═════ INPUT
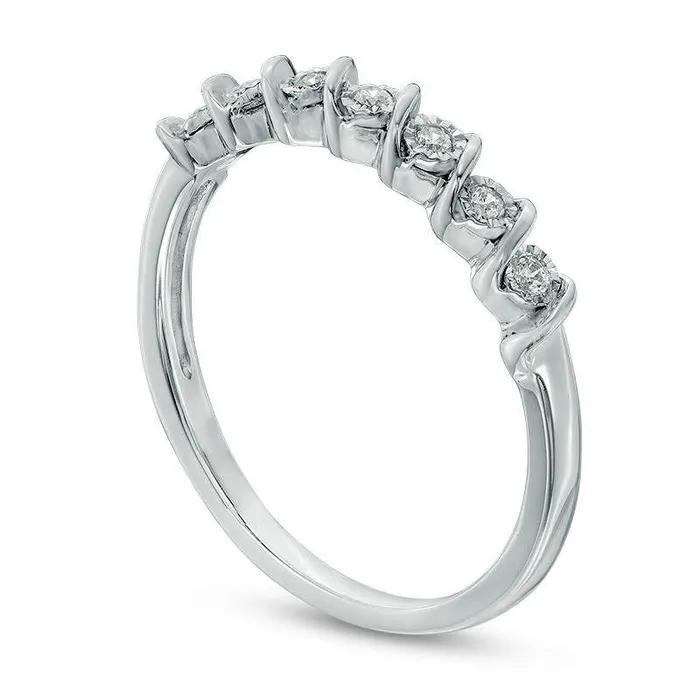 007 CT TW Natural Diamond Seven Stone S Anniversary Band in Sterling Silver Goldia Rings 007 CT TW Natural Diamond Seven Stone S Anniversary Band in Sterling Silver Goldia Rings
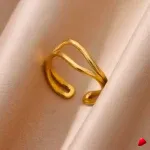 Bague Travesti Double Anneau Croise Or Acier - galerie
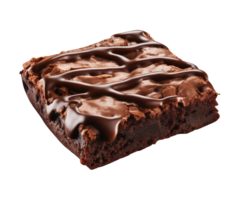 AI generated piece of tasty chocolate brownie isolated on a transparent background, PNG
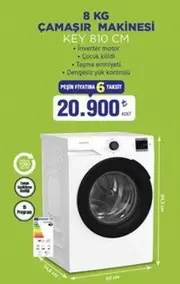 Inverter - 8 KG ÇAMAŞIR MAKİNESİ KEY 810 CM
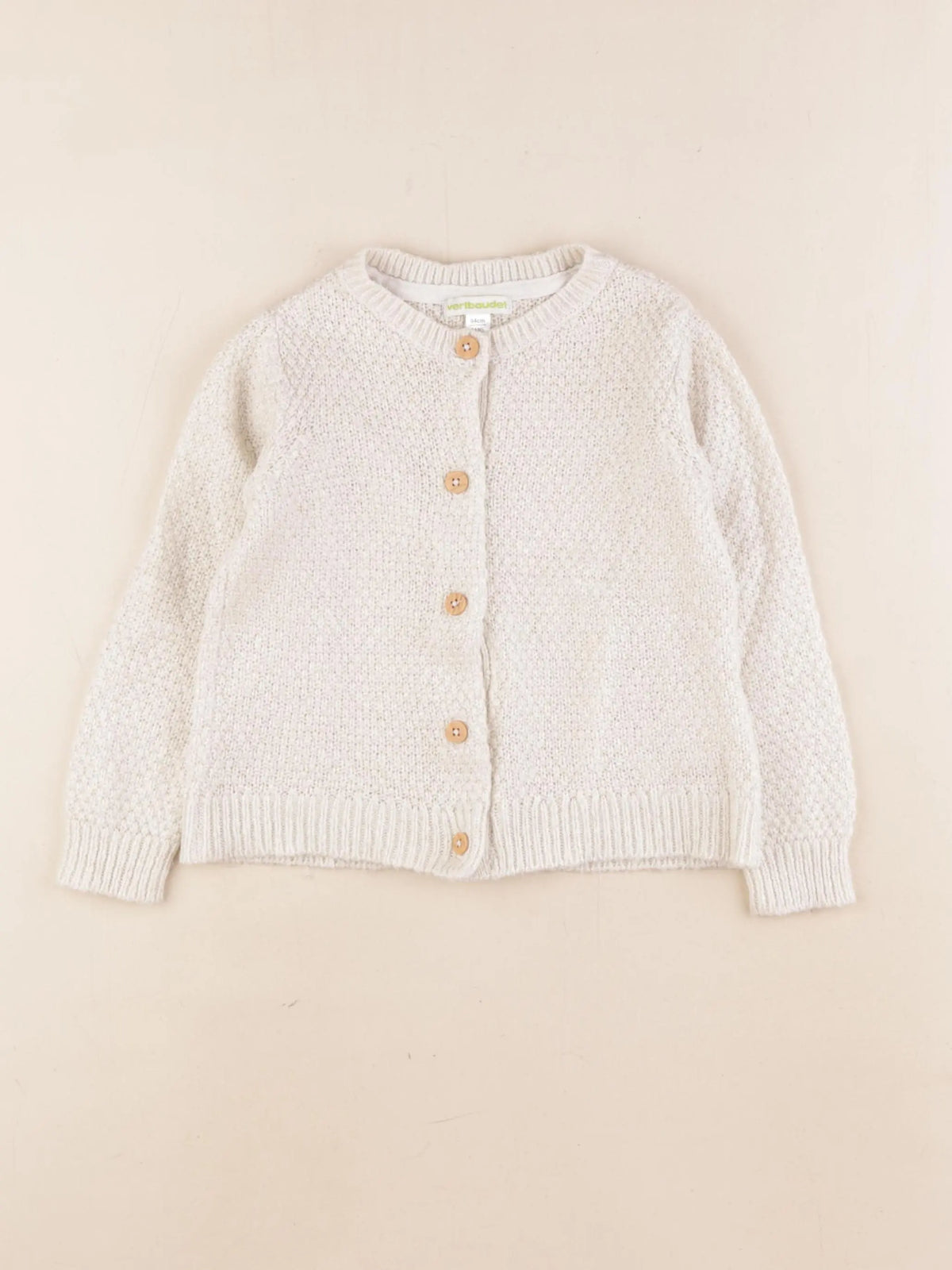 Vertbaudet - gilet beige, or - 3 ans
══════════
- WHAT YOU ARE ASKED TO DO:
Give back the lines from the one containing "AI generated piece" through the last line of the records above exactly as they appear, both included, and no pictures.

- ANSWER TO THE EXERCISE:
 AI generated piece of tasty chocolate brownie isolated on a transparent background, PNG
 Inverter - 8 KG ÇAMAŞIR MAKİNESİ KEY 810 CM
 Vertbaudet - gilet beige, or - 3 ans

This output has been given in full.